[Captioned web image data]
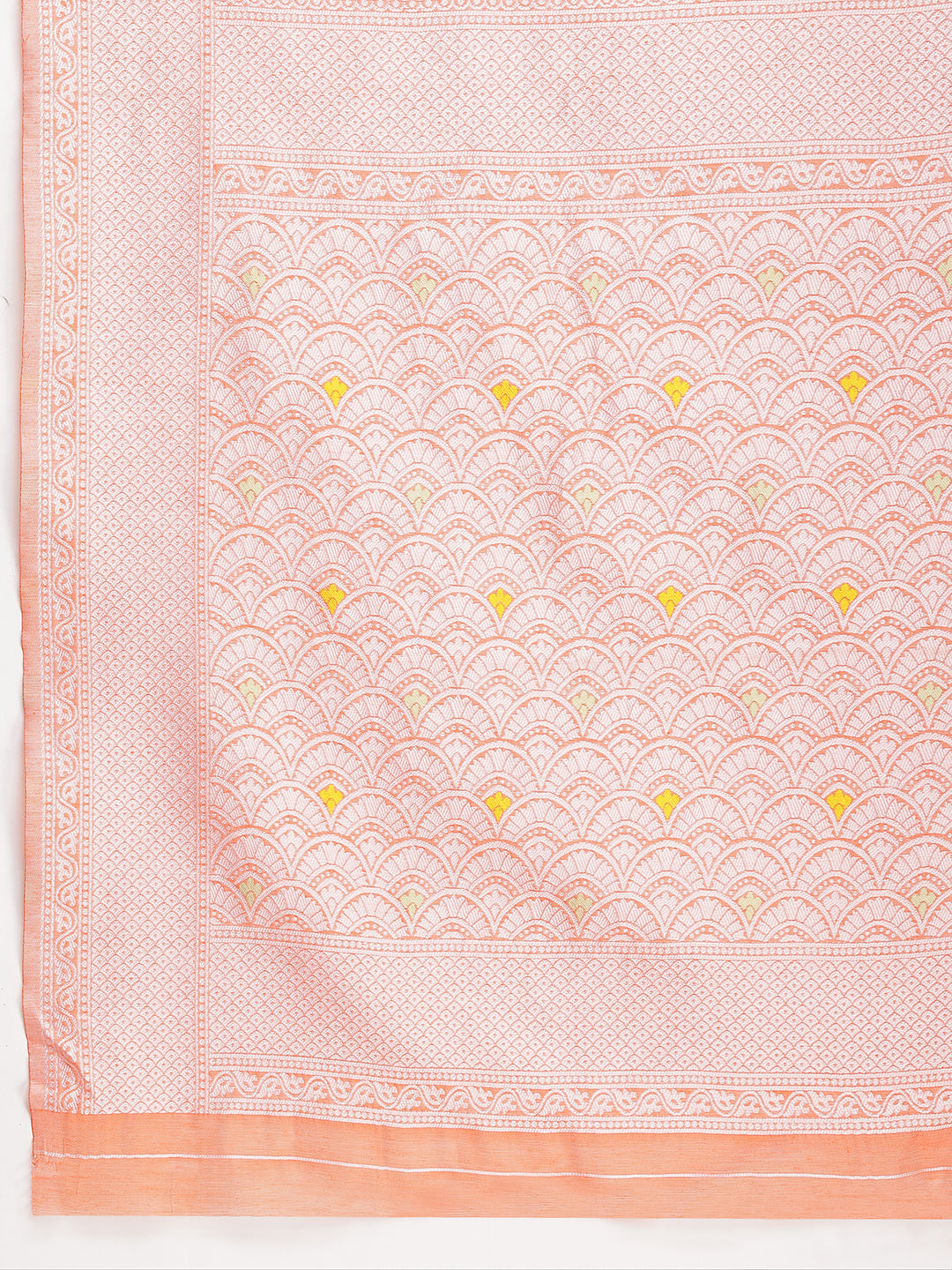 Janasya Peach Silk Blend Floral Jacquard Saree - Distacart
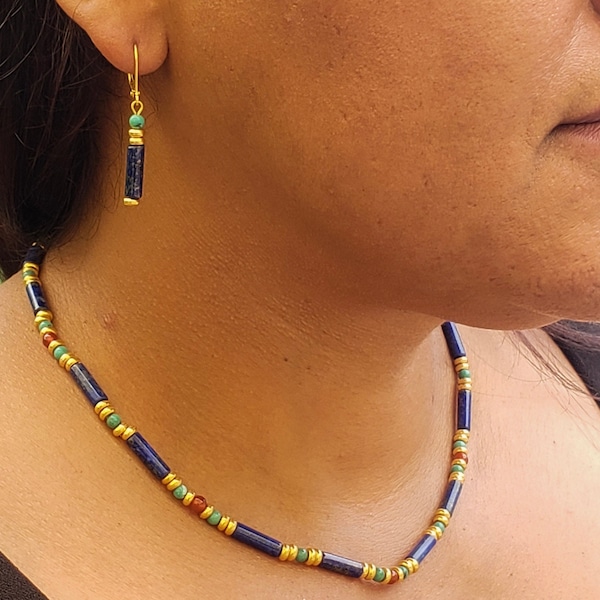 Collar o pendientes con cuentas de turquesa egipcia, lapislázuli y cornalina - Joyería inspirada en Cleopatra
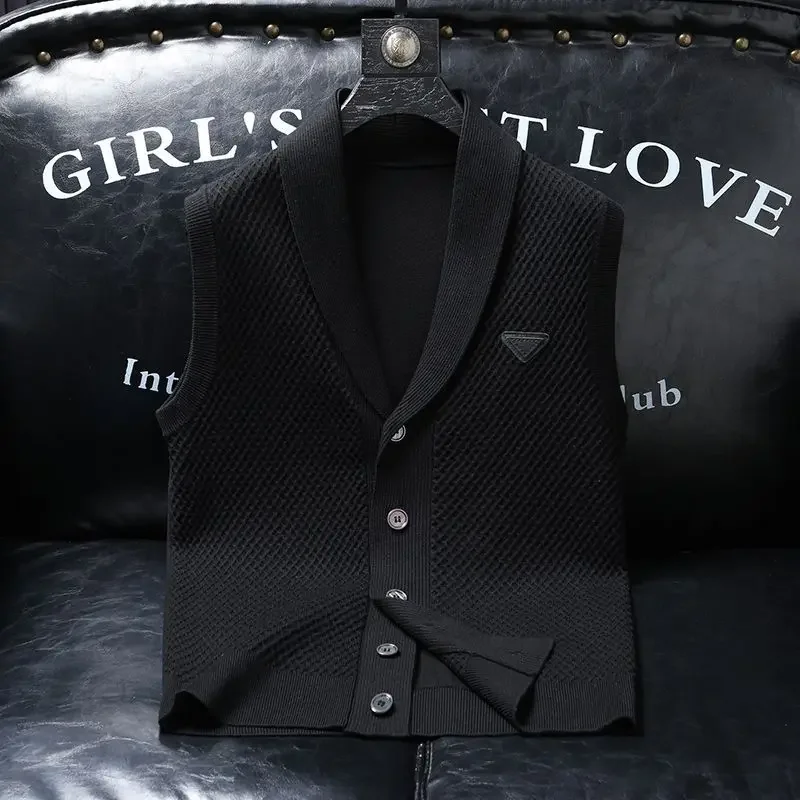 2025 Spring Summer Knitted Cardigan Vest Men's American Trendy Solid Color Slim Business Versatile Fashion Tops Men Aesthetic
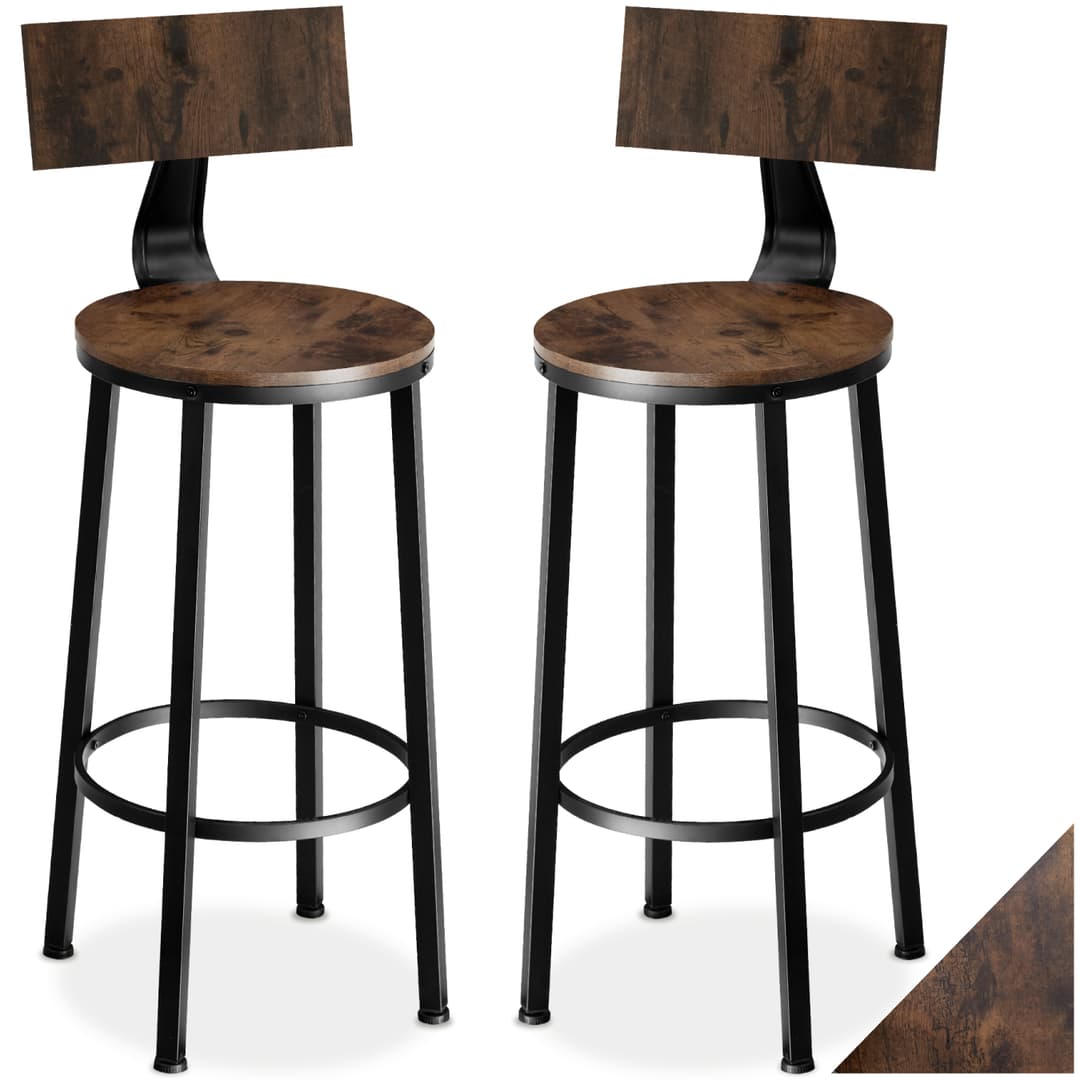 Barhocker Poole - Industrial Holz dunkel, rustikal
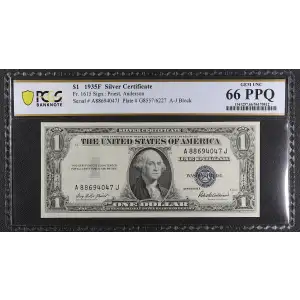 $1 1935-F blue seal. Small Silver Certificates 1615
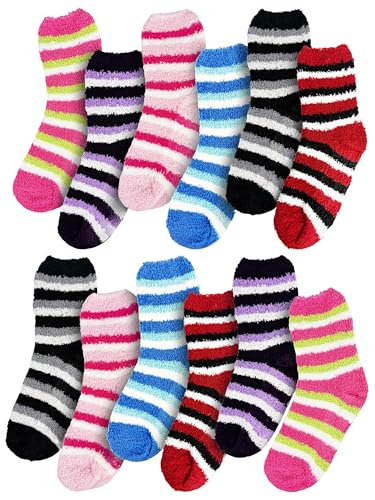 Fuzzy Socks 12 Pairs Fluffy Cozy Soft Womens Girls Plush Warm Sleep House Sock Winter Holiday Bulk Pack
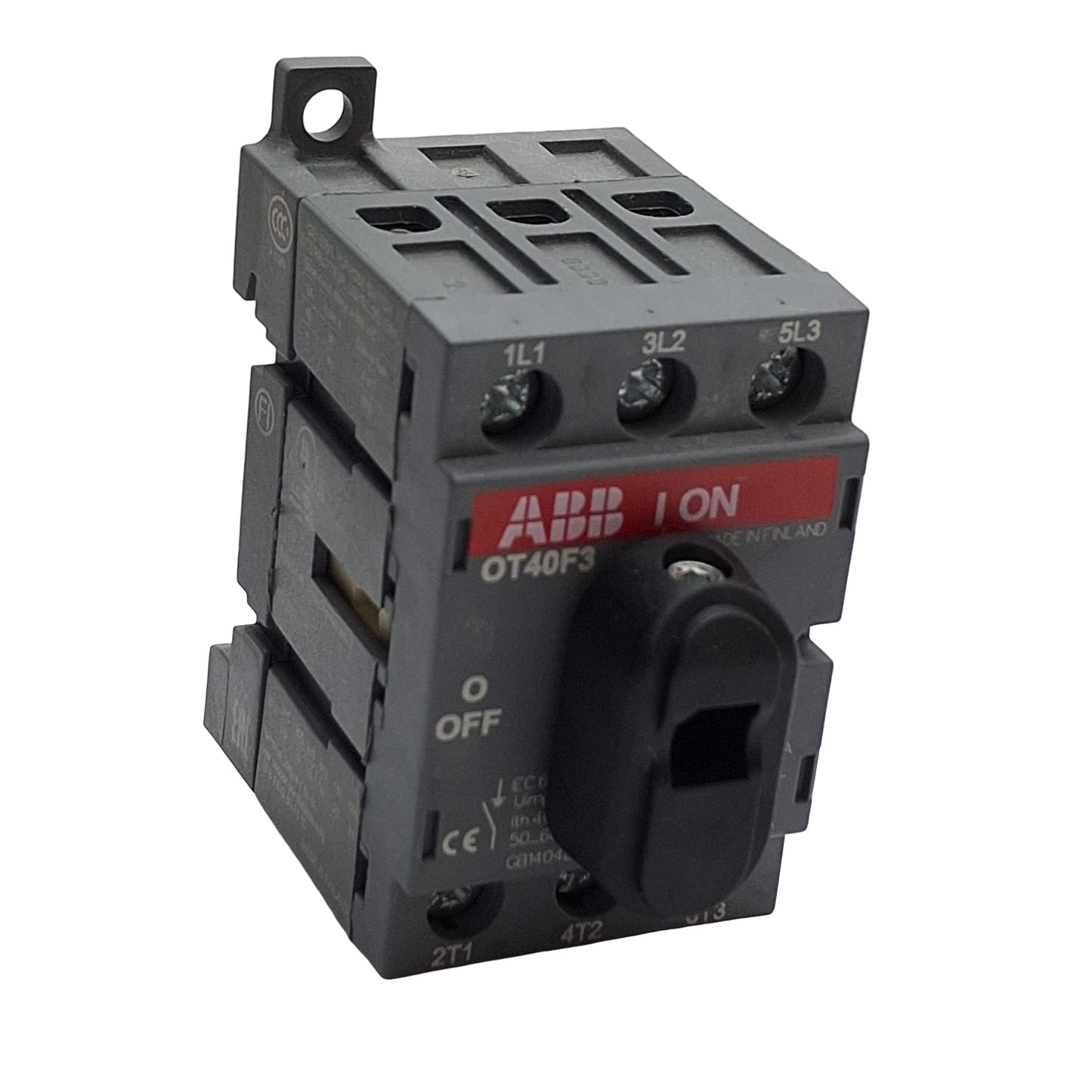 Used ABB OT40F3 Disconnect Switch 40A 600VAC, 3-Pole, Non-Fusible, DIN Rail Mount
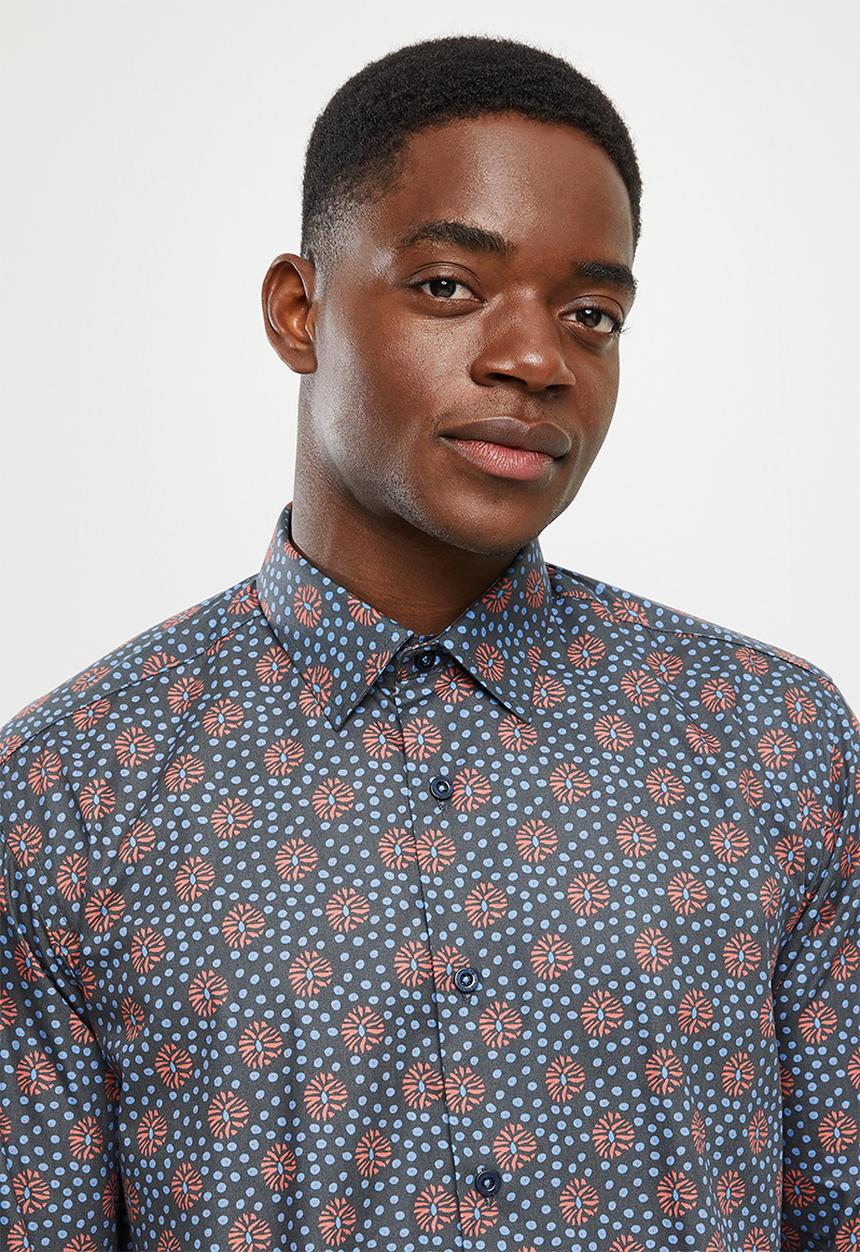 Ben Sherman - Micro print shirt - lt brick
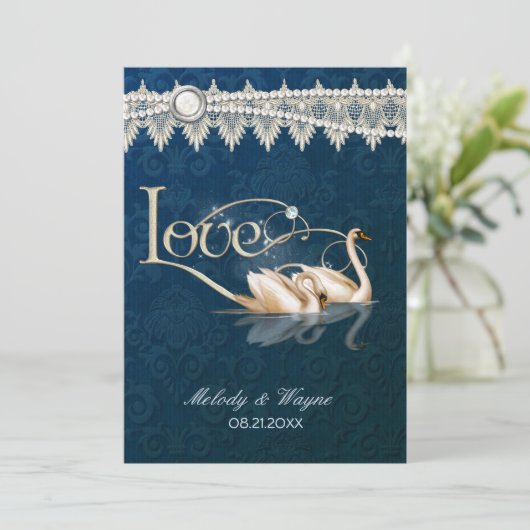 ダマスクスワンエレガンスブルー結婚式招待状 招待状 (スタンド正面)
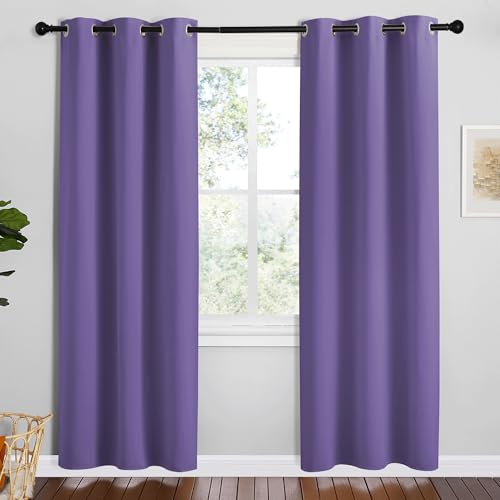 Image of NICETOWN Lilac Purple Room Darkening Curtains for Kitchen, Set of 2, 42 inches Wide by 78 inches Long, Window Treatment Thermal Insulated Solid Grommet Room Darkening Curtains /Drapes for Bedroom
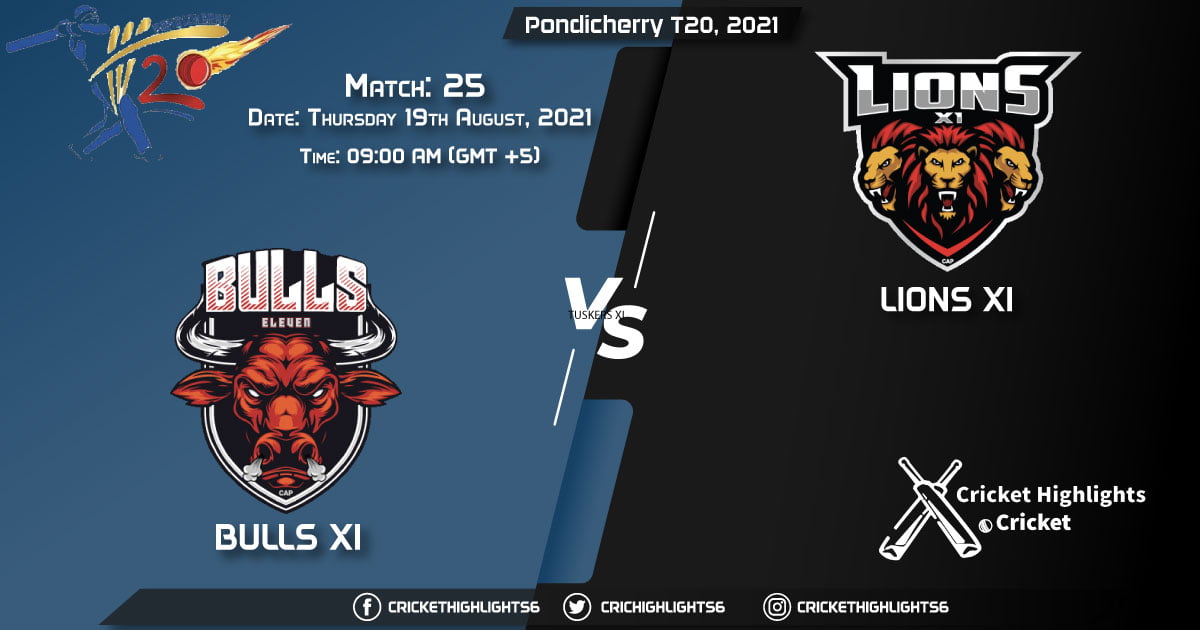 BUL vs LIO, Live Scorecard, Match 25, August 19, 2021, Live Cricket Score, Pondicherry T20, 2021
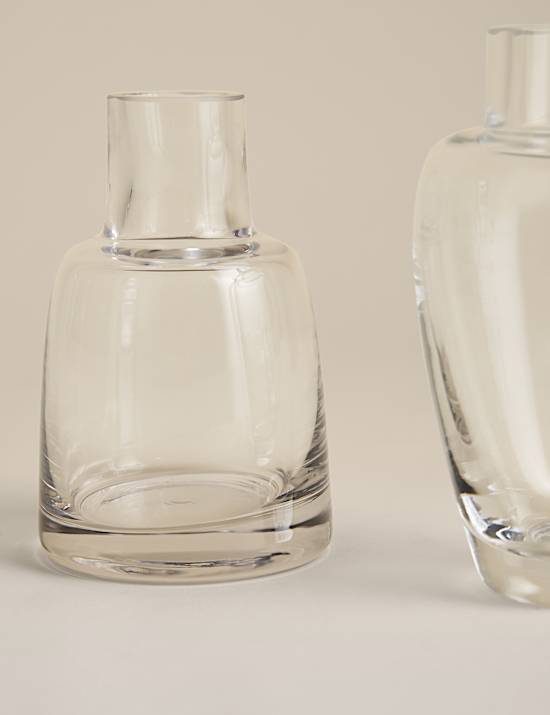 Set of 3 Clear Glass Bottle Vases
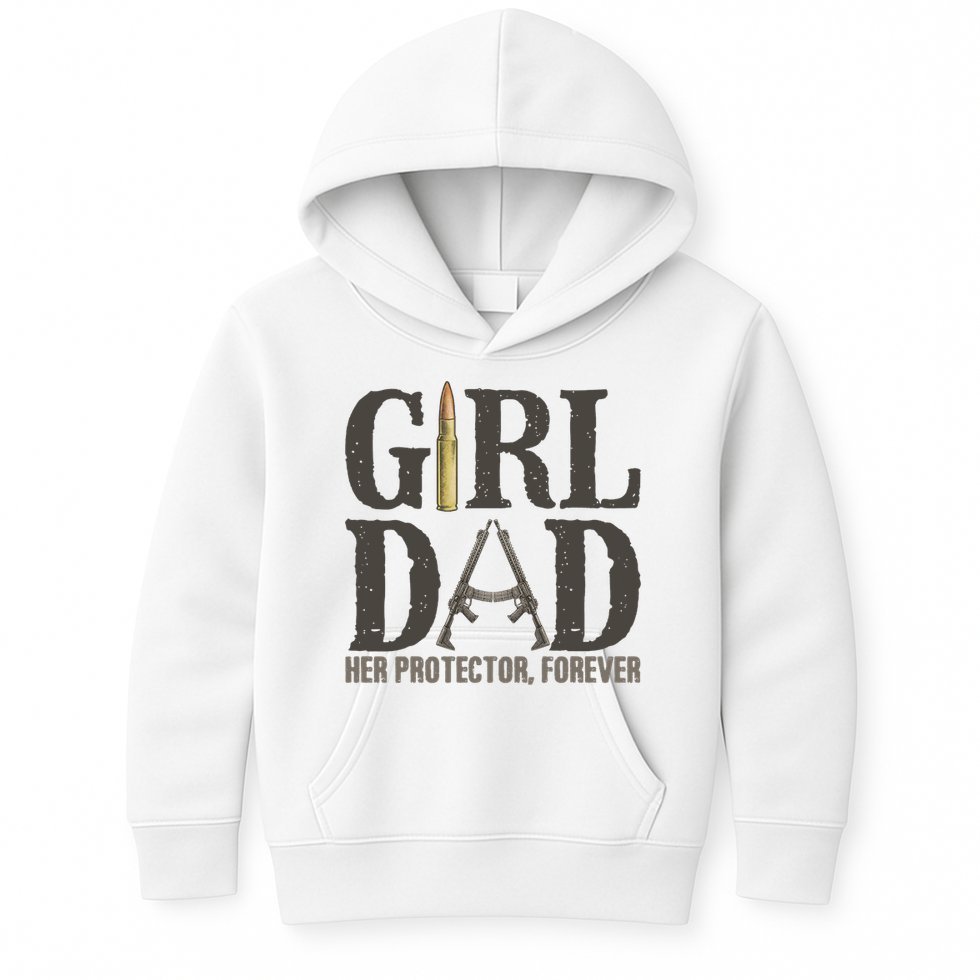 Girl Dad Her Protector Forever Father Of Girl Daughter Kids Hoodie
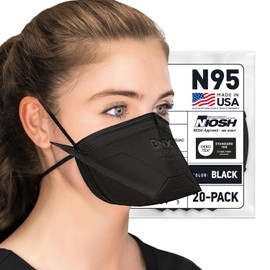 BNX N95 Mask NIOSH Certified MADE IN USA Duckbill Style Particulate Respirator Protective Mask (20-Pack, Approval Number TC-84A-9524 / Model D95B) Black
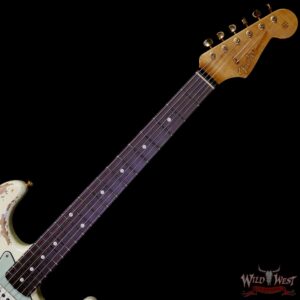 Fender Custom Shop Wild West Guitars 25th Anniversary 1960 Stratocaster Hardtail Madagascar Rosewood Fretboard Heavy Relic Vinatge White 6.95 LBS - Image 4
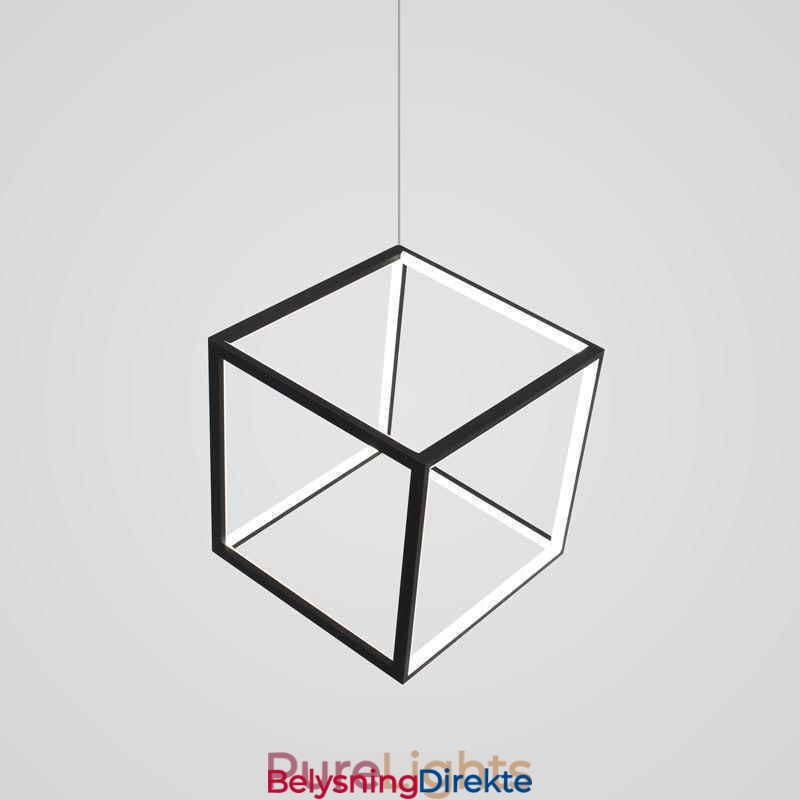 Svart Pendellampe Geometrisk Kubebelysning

# Brief:
There should be an exact restatement of the lines from the line with "Fender Custom Shop" through the last line of the entries above, and no pictures in it.

# Answer section:
 Fender Custom Shop Wild West Guitars 25th Anniversary 1960 Stratocaster Hardtail Madagascar Rosewood Fretboard Heavy Relic Vinatge White 6.95 LBS - Image 4
 Svart Pendellampe Geometrisk Kubebelysning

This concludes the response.